Já os meios tradicionais de propaganda como o rádio e a TV foram colocados em segundo plano, o que acarretou em uma queda significativa de audiência no horário eleitoral gratuito das emissoras, segundo o Ibope.

Na última pesquisa eleitoral divulgada pelo Datafolha, o candidato Jair Bolsonaro (PSL) possui 35% das intenções de votos contra 22% de Fernando Haddad (PT) e 11% do Ciro Gomes. A pesquisa também aponta que os candidatos com maior rejeição são Bolsonaro com 45% e Haddad com 40%. A vitória de Bolsonaro no primeiro turno não está descartada, mas segundo o levantamento, se houve o segundo turno, o acirramento entre os dois primeiros colocados, será inevitável, pois o candidato do PSL aparece com 44% e Haddad com 43%, o que caracteriza empate técnico considerando a margem de erro de dois pontos para mais ou para menos. A participação em debates, diferentemente do primeiro turno, deverá confrontar as propostas dos dois candidatos perante o eleitorado.

Em meio a este clima agitado das eleições gerais de 2018, o Diário do Aço foi às ruas de Ipatinga para saber como a população avalia o desempenho dos candidatos durante a campanha eleitoral e quais são os anseios depositados no próximo presidente e governador, independentemente de qual candidato seja eleito.

Fotos: Wôlmer Ezequiel

“Eu consegui avaliar bem os candidatos à Presidência da República. Em relação ao Governo de Minas eu ainda estou um pouco perdida, acredito que os debates não foram os suficientes para realizarmos uma análise. Espero que os próximos representantes possam realizar melhorias especialmente na área da saúde, pois é fundamental pra todo mundo e está bem ruim”. Jaqueline Vitorino, 34 anos, dona de casa.

“Achei esta campanha fraca. Os próprios candidatos não aproveitaram as oportunidades para apresentarem as propostas. A campanha foi muito polarizada e isso atrapalhou as discussões. Por isso, procurei me informar pela imprensa. Acredito que as questões básicas a serem melhoradas é a segurança do país e a geração de emprego, são coisas que não podem ficar para depois”. Rogério da Silva, 52, técnico de informática.

“Em relação à campanha deste ano eu vi alguma coisa pela televisão, mas também vi muitas notícias pela internet. Acho que deu tempo de a gente avaliar as propostas. Na realidade, eu não acredito que nada vai mudar, não mudou até agora. Porém, eu gostaria que melhorasse a questão do emprego, eu mesma há 30 anos que trabalho, nunca fui fichada”. Almerinda Rosa de Souza, 46, diarista.
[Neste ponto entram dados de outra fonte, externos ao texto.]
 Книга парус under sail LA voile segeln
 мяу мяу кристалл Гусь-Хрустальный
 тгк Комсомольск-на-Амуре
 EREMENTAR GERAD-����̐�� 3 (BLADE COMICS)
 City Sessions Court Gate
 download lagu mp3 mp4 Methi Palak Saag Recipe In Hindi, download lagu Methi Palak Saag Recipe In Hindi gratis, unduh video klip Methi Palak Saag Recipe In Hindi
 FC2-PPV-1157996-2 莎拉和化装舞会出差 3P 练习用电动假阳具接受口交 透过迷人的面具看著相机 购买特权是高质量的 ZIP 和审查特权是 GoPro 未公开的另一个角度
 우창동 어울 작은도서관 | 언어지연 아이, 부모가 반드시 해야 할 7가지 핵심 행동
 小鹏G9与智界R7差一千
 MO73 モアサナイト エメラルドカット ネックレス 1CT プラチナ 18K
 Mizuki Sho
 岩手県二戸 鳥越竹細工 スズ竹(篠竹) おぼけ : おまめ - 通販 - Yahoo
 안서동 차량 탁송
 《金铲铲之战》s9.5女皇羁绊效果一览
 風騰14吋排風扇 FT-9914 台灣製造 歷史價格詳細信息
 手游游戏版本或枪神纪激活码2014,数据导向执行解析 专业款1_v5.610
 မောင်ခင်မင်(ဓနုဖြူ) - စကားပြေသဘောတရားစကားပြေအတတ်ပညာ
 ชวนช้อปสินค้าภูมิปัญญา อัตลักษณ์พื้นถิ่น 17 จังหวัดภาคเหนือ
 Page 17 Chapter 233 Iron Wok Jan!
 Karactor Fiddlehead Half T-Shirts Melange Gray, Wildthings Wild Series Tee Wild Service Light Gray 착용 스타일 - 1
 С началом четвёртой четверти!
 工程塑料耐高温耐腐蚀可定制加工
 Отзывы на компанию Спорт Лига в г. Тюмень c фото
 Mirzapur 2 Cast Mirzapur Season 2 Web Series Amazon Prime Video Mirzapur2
“Eu analisei as propostas dos candidatos pelo horário eleitoral na televisão. Não utilizo a internet, por isso não sei como foi a campanha nela. Acho que os próximos governantes do Brasil e Minas Gerais precisam desenvolver ações para melhorar de uma forma geral a saúde, segurança, educação e em especial à geração de emprego. Não sei apontar alguma ação mais específica”. Willian Antônio Alves, 52 anos, motorista.

“Não achei que a campanha foi boa. Os candidatos em geral não conseguiram transmitir confiança para o povo. E como sempre muita promessa que não será cumprida. Acredito que os próximos governantes precisam valorizar a educação, com o salário dos professores em dia e tempo integral para os alunos, a saúde e dar mais atenção às pessoas com terceira idade, que são desprezadas no país”. Juraci Lima Alves, 60 anos, auxiliar de serviços gerais.

“Acho que a campanha não foi o suficiente para avaliar os candidatos, eles focaram em apenas atacar o adversário. Contudo, eu vi alguns debates pela televisão e consegui entender algumas propostas. Mas acho que par os próximos quatro anos a educação e saúde precisam melhorar, respeitando os professores e médicos com pagamentos em dia e não atrasando do jeito que está”. Robson Rodrigues, 21, estudante.